I feed Temptations, currently "Tasty Chicken Flavour"... I think my cats would like any kind of Temptation though, Blacky will be sleeping on my bed and wake up, looking expectantly when I open the drawer they're stored in, which is located in my room - I feel bad when I'm not opening the drawer to give her treats. I swear she has a "begging" face! It works better than the dogs! Thank god she doesn't ever go in the kitchen asking for food.

I feed anywhere for 3-6 at a time for each cat, not every day, evey few days... when I remember pretty much.


----------



## Straysmommy (Dec 23, 2010)

Up to now I've given Prince a can of Fancy Feast each Friday evening (for Kabalat Shabat) and a bit of turkey pastrami or deli pork on Tuesdays, to cut the wait till Friday. I haven't used any of the dry treats that come in bags, but I'll start now. Since they don't sell milk for cats in this country, I give him a little bit of whole milk about once a week or every 2 weeks.

I've noticed no one mentioned Fancy Feast or any of the canned (small or big) treats? Are these not treats but "wet food"? Since they're so expensive here, I use them as treats...?


----------



## lovetimesfour (Dec 1, 2010)

Fancy Feast canned food is "nutritionally complete" for regular feeding, but I don't see any reason why it can't be used as a special treat, in addition to a high quallity canned food diet.


----------



## Goldtanker (Jan 9, 2011)

Since it finally warmed up enough so the snow is mostly gone, I will be grilling chicken breasts this afternoon. Midnight, the wild cat, will get a treat/snack of fresh grilled chicken. I just think it is such a disgraceful thing when people spoil animals.


----------



## Straysmommy (Dec 23, 2010)

You're right. Only remember not to eat outside at the picnic table with your wife, as that's reserved for Midnight and his dinner business meetings with the foxes.


----------



## Maggie the Cat (Mar 13, 2011)

Straysmommy said:


> I've noticed no one mentioned Fancy Feast or any of the canned (small or big) treats? Are these not treats but "wet food"? Since they're so expensive here, I use them as treats...?

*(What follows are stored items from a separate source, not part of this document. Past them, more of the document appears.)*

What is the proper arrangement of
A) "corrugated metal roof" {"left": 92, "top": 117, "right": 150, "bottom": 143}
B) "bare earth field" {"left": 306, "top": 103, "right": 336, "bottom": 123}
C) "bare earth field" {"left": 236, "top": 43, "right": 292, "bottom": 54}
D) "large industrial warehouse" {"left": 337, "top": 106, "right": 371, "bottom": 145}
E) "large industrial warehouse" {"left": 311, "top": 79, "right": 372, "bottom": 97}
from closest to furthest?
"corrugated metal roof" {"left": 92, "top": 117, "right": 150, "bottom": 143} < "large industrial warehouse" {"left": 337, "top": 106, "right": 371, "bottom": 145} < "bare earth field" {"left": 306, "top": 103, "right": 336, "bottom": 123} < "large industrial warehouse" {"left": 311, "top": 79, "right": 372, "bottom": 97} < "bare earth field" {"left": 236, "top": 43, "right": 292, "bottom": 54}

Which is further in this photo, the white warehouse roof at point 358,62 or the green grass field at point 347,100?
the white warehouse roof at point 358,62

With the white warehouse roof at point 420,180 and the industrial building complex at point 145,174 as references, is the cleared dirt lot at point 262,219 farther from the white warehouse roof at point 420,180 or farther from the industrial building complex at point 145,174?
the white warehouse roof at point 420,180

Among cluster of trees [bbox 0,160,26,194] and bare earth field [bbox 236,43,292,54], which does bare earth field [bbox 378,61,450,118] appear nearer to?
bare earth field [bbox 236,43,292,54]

It _is_ wet food, but since it's "different" and meaty in comparison to kibble I'm sure you're cat thinks it's a wonderful treat. I know my kibble eating kitty would LOOOOVE getting something like that every week


----------



## furryfriends251 (Jan 1, 2009)

I use freeze dried meat as treats for "the boys" (Morey, Mitch, and Malachi) - they LOVE the "Wildside Freeze Dried Salmon" so that is what I buy about half the time. I buy the bag that is actually meant for dogs, instead of cats, because it is only $1 more than the cat kind (and the cat treats come in 1/2 the size bag)!

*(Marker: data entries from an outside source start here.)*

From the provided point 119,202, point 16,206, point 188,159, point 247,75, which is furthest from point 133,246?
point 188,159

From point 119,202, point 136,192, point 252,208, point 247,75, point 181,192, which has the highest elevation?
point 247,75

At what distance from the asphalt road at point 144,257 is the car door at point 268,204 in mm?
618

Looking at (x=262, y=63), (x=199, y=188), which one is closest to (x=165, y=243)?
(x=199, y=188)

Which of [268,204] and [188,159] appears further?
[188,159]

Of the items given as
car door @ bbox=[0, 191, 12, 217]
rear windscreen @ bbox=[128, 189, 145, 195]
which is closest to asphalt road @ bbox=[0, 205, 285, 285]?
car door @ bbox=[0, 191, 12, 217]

Amount: They get them 2 times a day and I split one treat three ways - though they are small treats to begin with. They have to work to get them by jumping up, grabbing my wrist, and taking the treat from my hand.

The farm cats: Their "treat" is when I buy a more expensive type of meat (like lamb) for their meal. They also get ~1 ounce of salmon each every few weeks till I use it all up. Someone gave me 10-15 pounds of wild-caught Alaskan salmon because it was a bit freezer burnt - else they wouldn't get stuff like that because it is so expensive!

Nightmare: he eats all canned (the rest of the farmed cats eat all raw) so occasionally I'll give him a can of something like Fancy Feast as a treat. 

Mikey (housecat): I have to put some "freeze dried meat dust" on liver/kidney in order to get him to eat his organ requirement. Plus, he thinks it is a great treat then. Little does he know...


----------



## Straysmommy (Dec 23, 2010)

Would it be accurate to say that _a treat is anything the cat loves that we don't feed regularly due to price or health concerns_?


----------



## Maggie the Cat (Mar 13, 2011)

Definitely! Just like when we treat ourselves to a juicy t-bone instead of the regular hamburger helper, hahaha.


----------



## my5kitties (Sep 13, 2005)

Maggie the Cat said:


> Definitely! Just like when we treat ourselves to a juicy t-bone instead of the regular *hamburger helper*, hahaha.


When I become ruler of the world, I am going to outlaw Hamburger Helper. I can't stand the stuff anymore. Blech!!


----------



## Straysmommy (Dec 23, 2010)

Then the limit of how much and how often would be budget and/or health concerns, I assume...


----------



## MowMow (Nov 6, 2010)

I'm the opposite. Since MowMow can't eat kibble he gets that as a treat. I buy the EVO grain free and use that in his puzzle toy and in his little treat balls. He LOVES kibble and is always trying to paw my hands out of the way so he can get at his puzzle toy. 

He gets maybe a dozen pieces of kibble a day....so a 2lb bag lasts quite a long time stored in the freezer.


----------



## Nan (Oct 11, 2010)

My kits love Party Mix. (really junk food!). I tried some jerky kind and a freeze dried kind, which they pawed a round and played with, but wouldn't eat. I usually only give them treats a couple times a week. 

The Evo dry is a good suggestion. Definately something I'll try.


----------



## OctoberinMaine (Sep 12, 2006)

I'm surprised no one has mentioned Greenies yet! You can't get them in grocery stores, so maybe that's why. But they're good stuff and the kitties love them.


----------



## my5kitties (Sep 13, 2005)

October said:


> I'm surprised no one has mentioned Greenies yet! You can't get them in grocery stores, so maybe that's why. But they're good stuff and the kitties love them.


I was just coming here to post about the Greenies. My cats _*LOVE*_ them! We give them the Ocean Fish flavor, but since it is a fish flavor, we only give them some occasionally with the amount given being 5-8 pieces apiece. Star hoovers them up, Lucky takes his time and eats each piece separately, and Midnight doesn't hoover them like Star, but she does eat them rather quickly. My Bridge boy Smokey, on the other hand, didn't really care for treats. Never could figure that one out. :?


----------